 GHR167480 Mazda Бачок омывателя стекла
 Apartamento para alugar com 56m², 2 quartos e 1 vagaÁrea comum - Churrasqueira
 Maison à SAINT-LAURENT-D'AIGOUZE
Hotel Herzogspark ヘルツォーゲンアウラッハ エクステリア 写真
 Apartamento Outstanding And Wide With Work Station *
==
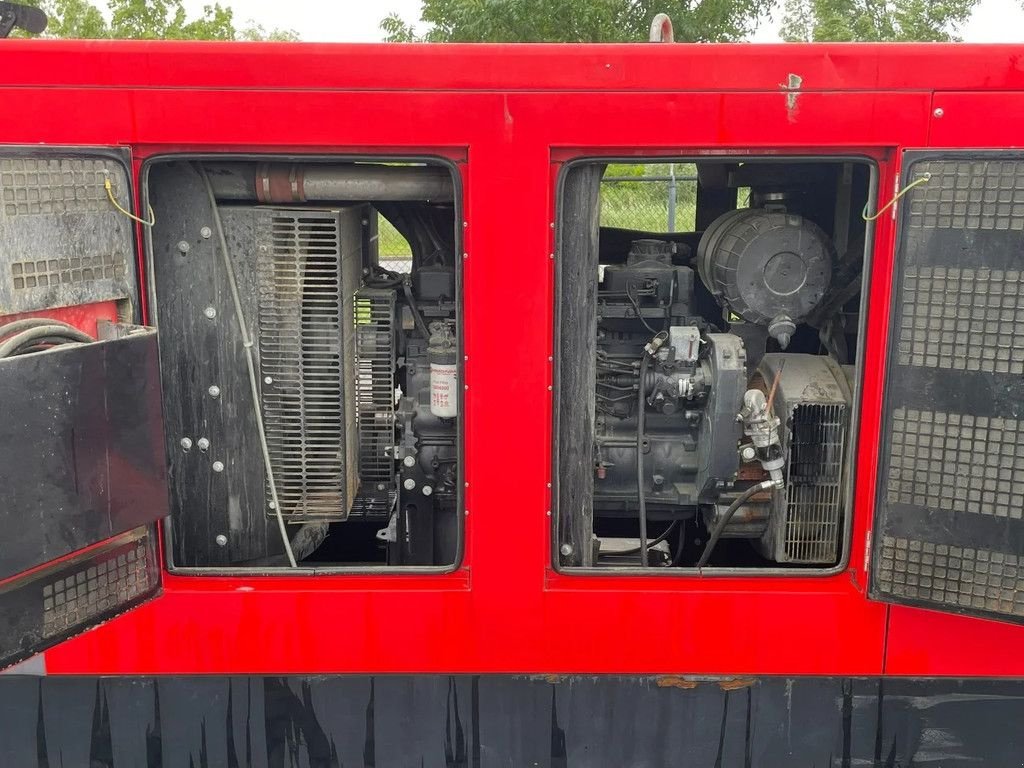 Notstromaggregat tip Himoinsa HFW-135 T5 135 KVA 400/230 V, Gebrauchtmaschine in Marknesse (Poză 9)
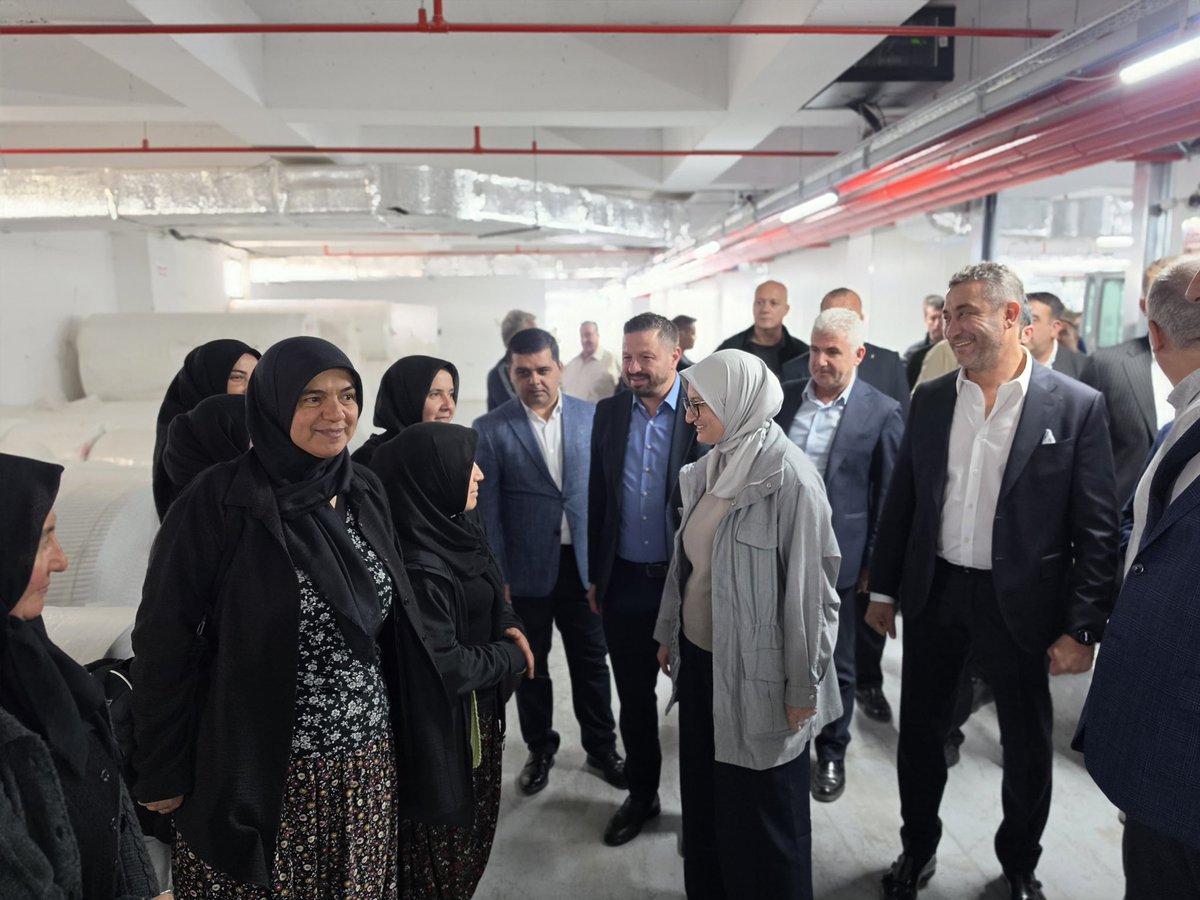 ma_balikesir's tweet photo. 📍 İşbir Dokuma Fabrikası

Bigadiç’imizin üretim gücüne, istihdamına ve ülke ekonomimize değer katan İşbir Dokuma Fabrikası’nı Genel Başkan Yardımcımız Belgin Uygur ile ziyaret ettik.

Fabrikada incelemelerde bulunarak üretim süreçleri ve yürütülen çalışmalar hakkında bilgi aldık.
...
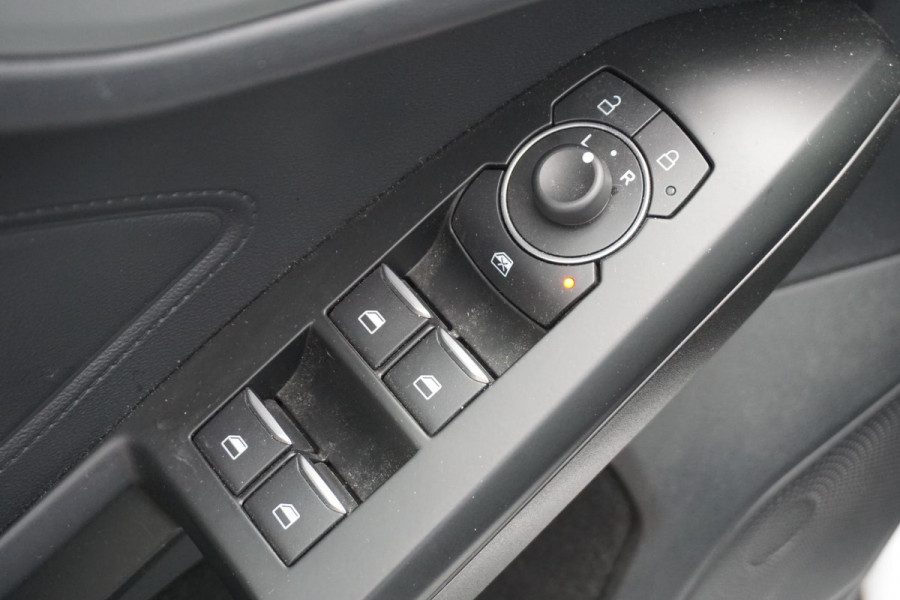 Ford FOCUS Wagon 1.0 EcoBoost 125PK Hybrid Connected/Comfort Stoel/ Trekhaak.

**TRY IT**. Starting at the line above that holds "ma_balikesir's tweet photo.", repeat every line exactly down to and including the line that holds "Bigadiç’imizin üretim gücüne, istihdamına", then stop. Do not carry over any pictures.

**REPLY**.
 ma_balikesir's tweet photo. 📍 İşbir Dokuma Fabrikası

Bigadiç’imizin üretim gücüne, istihdamına ve ülke ekonomimize değer katan İşbir Dokuma Fabrikası’nı Genel Başkan Yardımcımız Belgin Uygur ile ziyaret ettik.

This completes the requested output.